Forget the Past
Tom Peters
Today’s executives have learned the wrong lessons. After all, our formative business training occurred during the Great Anomaly years, from 1946 through 1973, the booming post-World War II era that lasted until OPEC tripled the price of oil. One economist claims that during those years businesspeople “lost the habit of competing.”
When I spoke at a recent meeting of construction equipment dealers, I realized that if we don’t quickly learn how to compete, our economy will be doomed to continual decline. At the conference, one successful dealer gave a speech about global pricing of equipment, an issue of great concern to dealers today. The speaker noted that prices used to be uniform around the world, but now, for the first time, they are market driven. This observation shocked the audience. What shocked me, however, was that this observation was such a revelation to them.

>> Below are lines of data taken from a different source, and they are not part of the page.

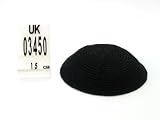 VELVET YARMULKE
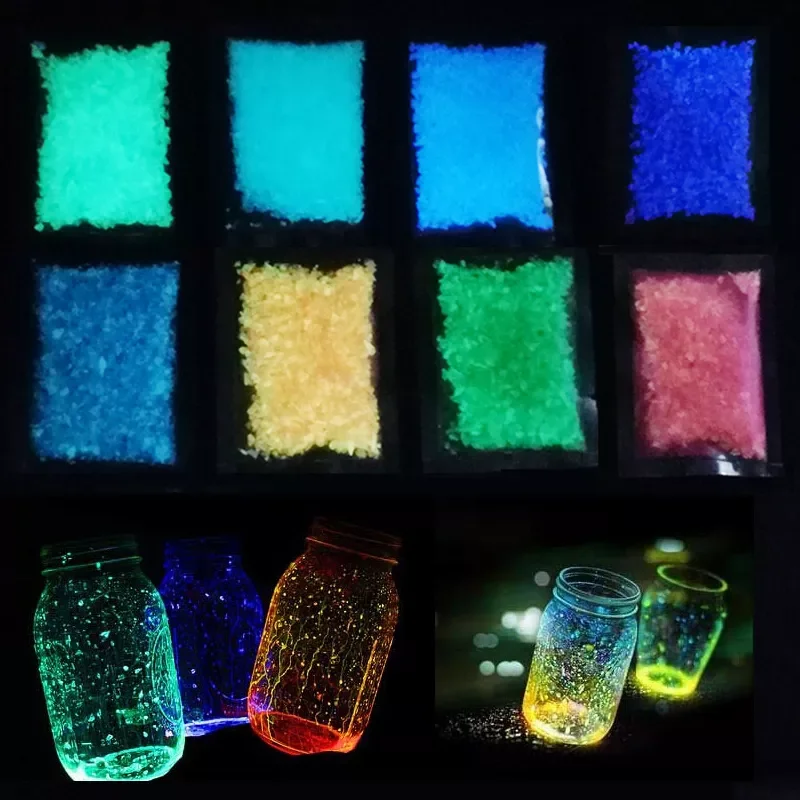 

2022 Park Road Pebbles Glow In Dark Ornaments For Party Aquariums Fish Tank Decoration Stone Ornaments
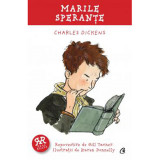 Marile sperante (repovestire), Charles Dickens, Gill Tavner, Curtea Veche Publishing
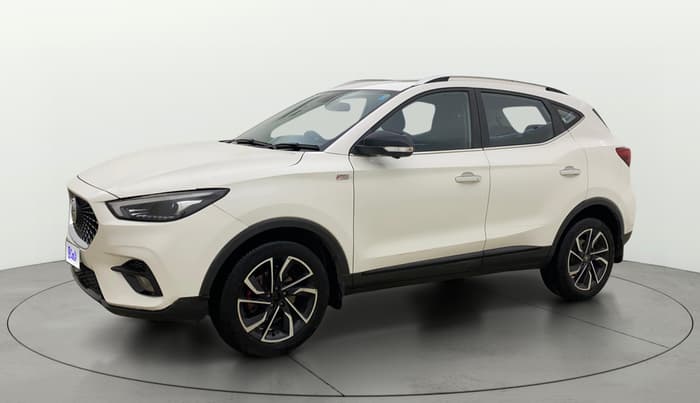 2022 MG ASTOR SHARP 1.3 TURBO AT, Petrol, Automatic, 74,892 km, Left Front Diagonal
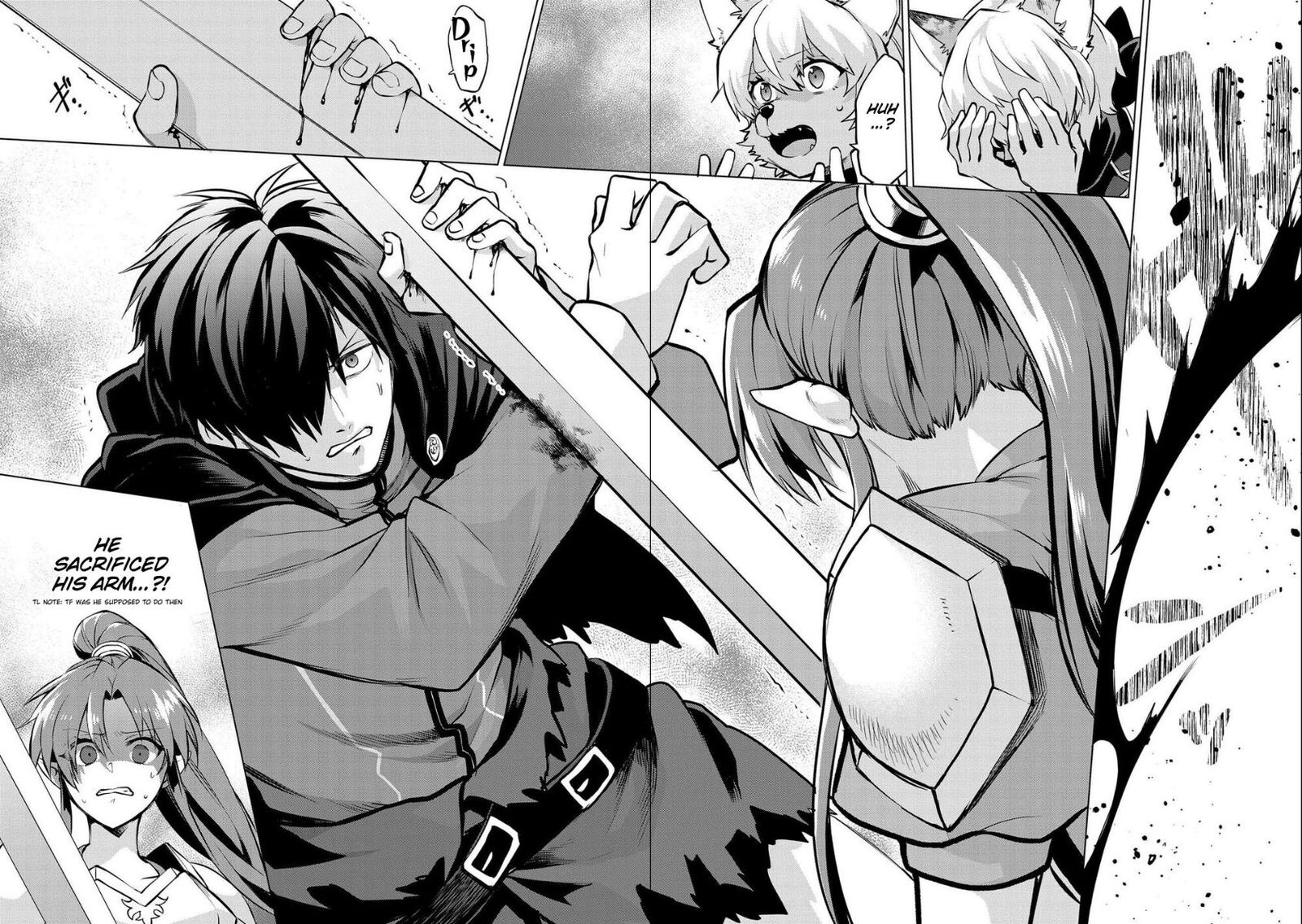 Tsuihou Sareta Onimotsu Tamer Sekai YuIItsu No Necromancer Ni Kakusei Suru 6a 13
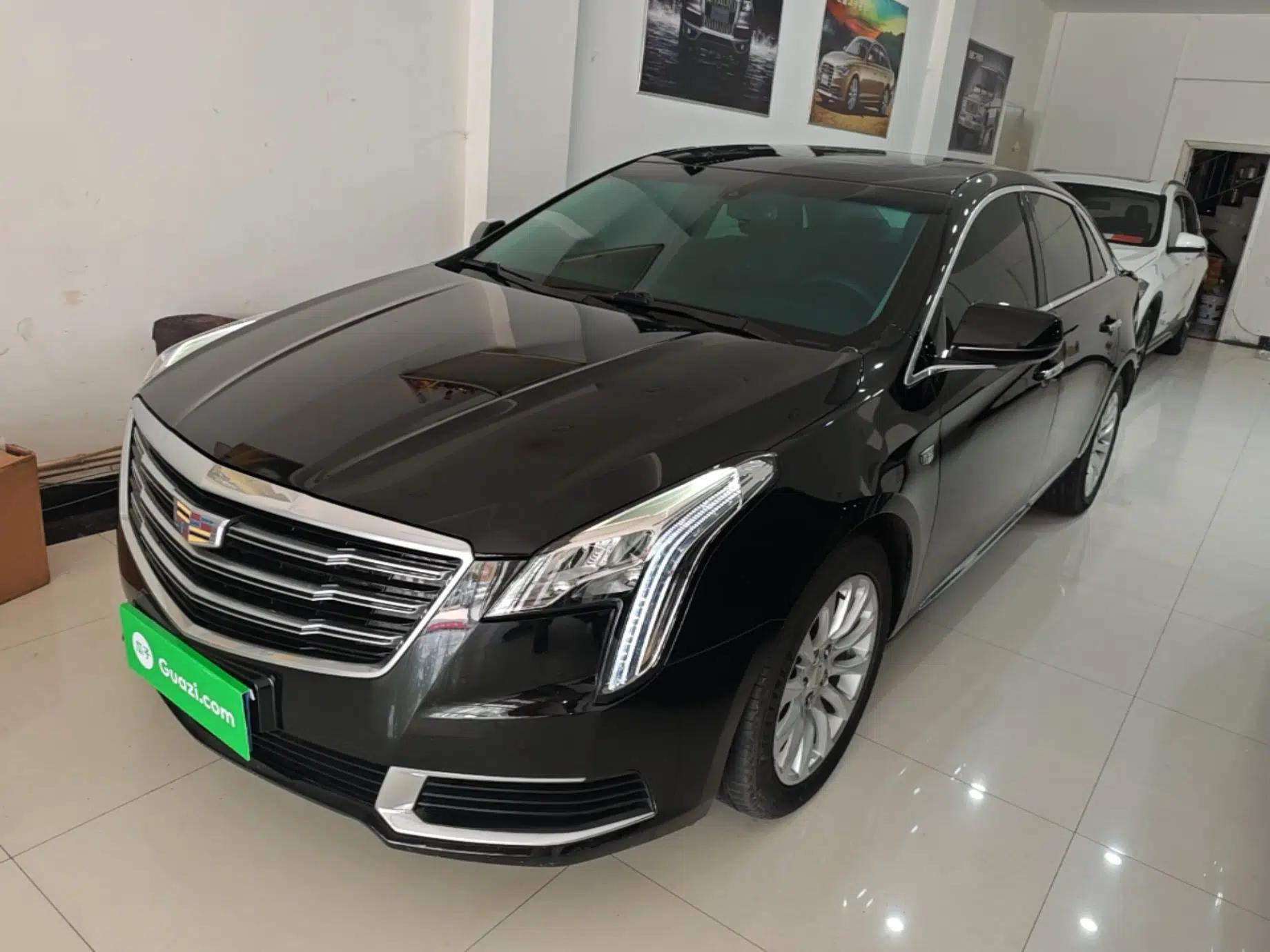 Cadillac XTS 2018 28T Tech Edition — миниатюра 1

The United States is taking a long time to adjust to post-oil crisis realities. We are still dreaming of America’s post-World War II economic dominance, when we enjoyed a 50 percent share of world GNP. With no competitors, with huge consumer demands pent-up since the Great Depression, and with leftover post-war capacity, the odds were stacked in our favor. We were the only game in town, with Japan and Europe devastated by the war. As that fantasy world crumbled in the seventies, we blamed our economic policy makers’ inability to fine-tune the economy with the widely accepted Keynesian levers.

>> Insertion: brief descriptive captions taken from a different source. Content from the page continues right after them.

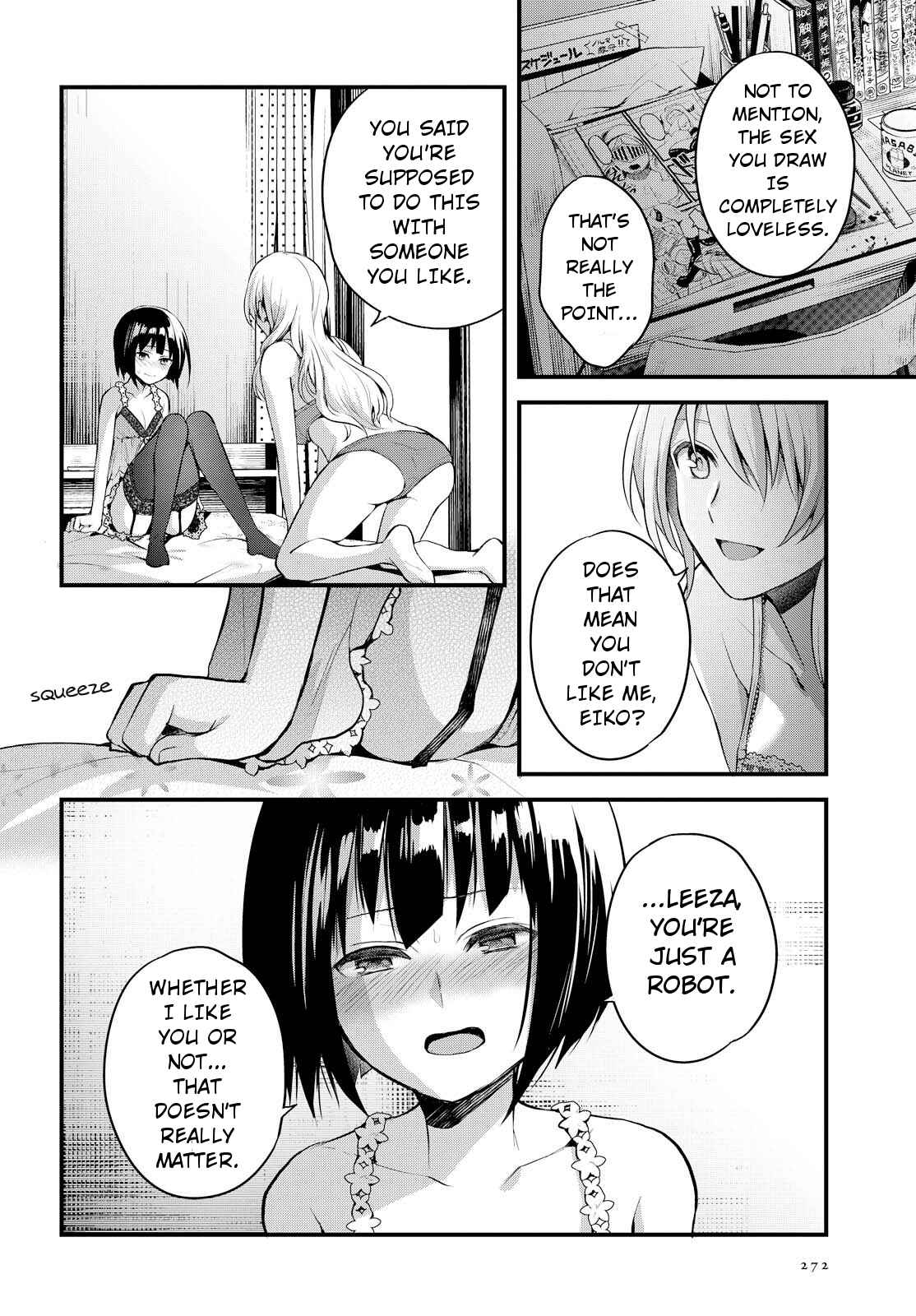 Page 14 Chapter 2 Eve and Eve
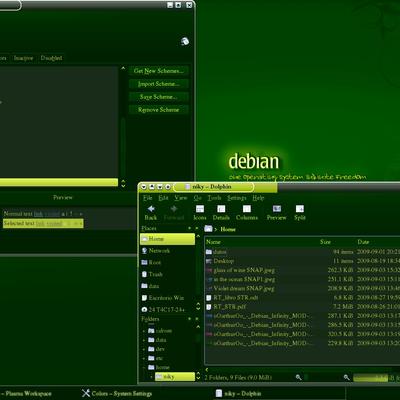grass is growing - KDE Store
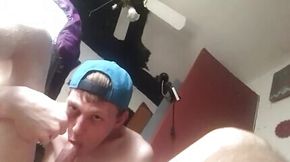 Self sucking solo selfie stick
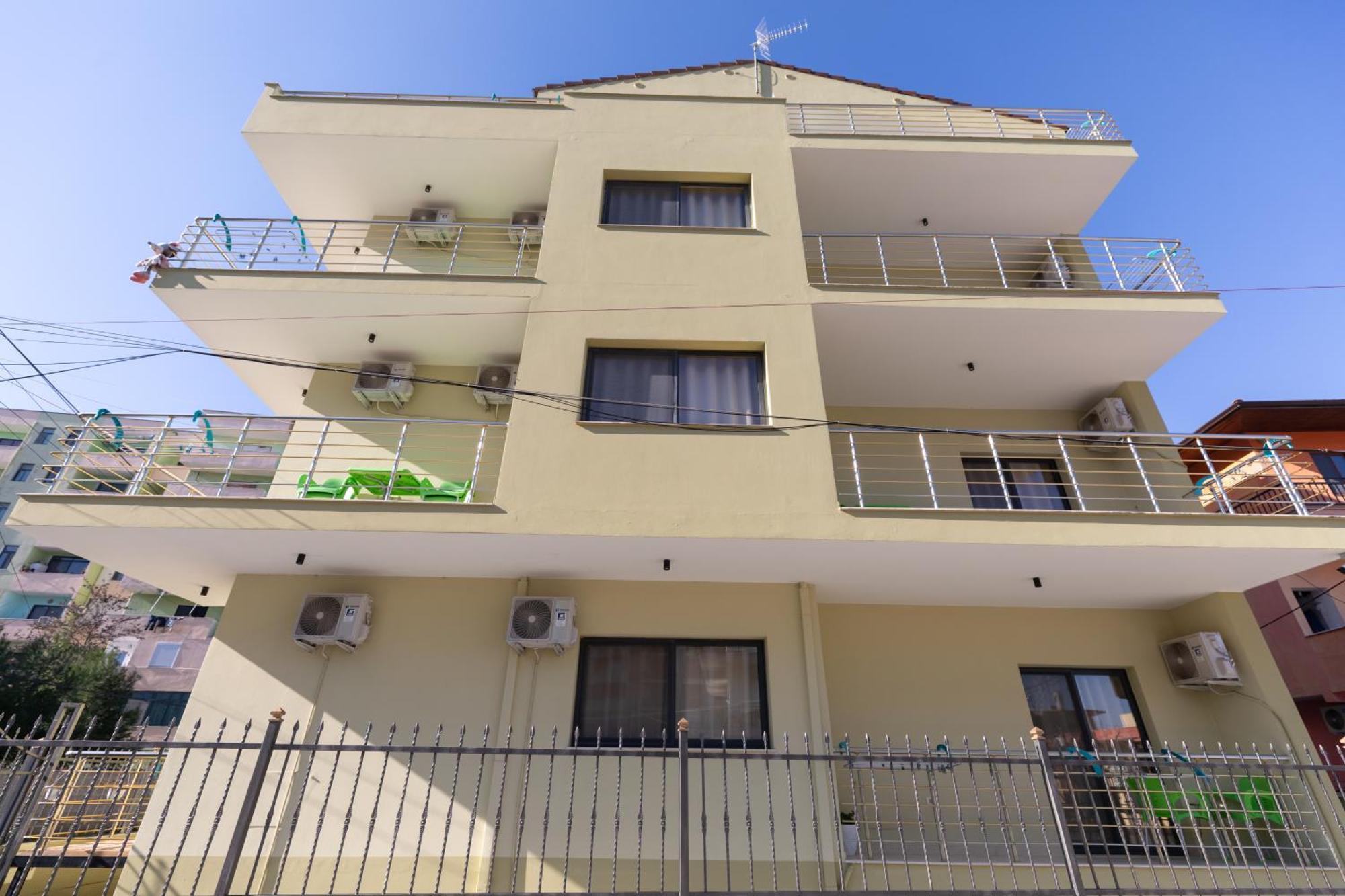 Vila Emi Apartment'S Durrës Exterior foto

Then a barrage of threats emerged at once: OPEC; competition from developed countries such as Japan and Germany and developing countries such as Korea, Singapore, and Brazil; and a technological revolution.
That’s when our price-setting mentality became obsolete. Yet we continued to build capacity, not based on a realistic assessment of worldwide competitive conditions, but on projections of maximum demand in the next upswing. Big steel did this again and again, refusing to face reality. Because steel capacity was increased to accommodate anticipated peak demand, break-even volume was outrageously high. Two World Bank analysts call this the “price-maker behavior of an oligopoly.” When steel companies set prices, automakers paid list price willingly, ever ready to pass along increases to consumers who were equally complacent with the certainty of increasing wages.
So the price was whatever the catalog said it was—the world according to U.S. Steel, General Motors, and Caterpillar Tractor. At Kodak, years ago, all pricing was done by a fellow in a small executive office in the Rochester, New York headquarters. He found out the costs from manufacturing and marked them up according to an old, set formula. That was that—until Fuji film came along.
Levi Strauss also got intoxicated by the blue-jean craze in the late seventies. Capacity led demand. Retailers were given limited allocations and treated rudely.
The story was the same in the semiconductor industry. The manufacturing barons of Silicon Valley learned the wrong lessons from Detroit, Pittsburgh, and Peoria: Capacity was king; quality and service were secondary. And Apple repeated these mistakes in the home computer market.
Now U.S. Steel, Chrysler, Caterpillar, Levi Strauss, and Apple have lowered their break-even points by 50 percent or more, albeit at a terrible human cost—layoffs. But they have not yet learned their lessons. This became clear to me at the construction equipment dealers conference. One attendee, a reporter for a big steel company’s in-house magazine, listened to my speech. I began with an analysis of Worthington Industries, a wildly profitable, 750-million-dollar firm that is a uniquely effective competitor in the battered steel industry. After my talk, this reporter spoke with one of his company’s 25-year veteran executives. Neither had ever heard of Worthington, which is a Fortune 500 company. I think it is significant that an executive at a less profitable company in the same industry has not heard of one of his principal competitors.
Despite our monumental progress, we apparently are still out of touch with the dynamic forces in our competitive environment. We still look over our shoulders too often, yearning for the good old days of the Great Anomaly. We are still dreaming of giant plants that will be able to maximize market share in the next market boom. And we are still envisioning customers who buy at list price and won’t complain about delayed deliveries or questionable quality. But businesspeople cannot afford to be complacent anymore. A recent report notes that real wages for 25- to 34-year-old males dropped 26 percent from 1973 to 1983. We better wake up, forget the Great Anomaly, implement a market-driven mentality, and welcome the present and future scenario of world-class competition.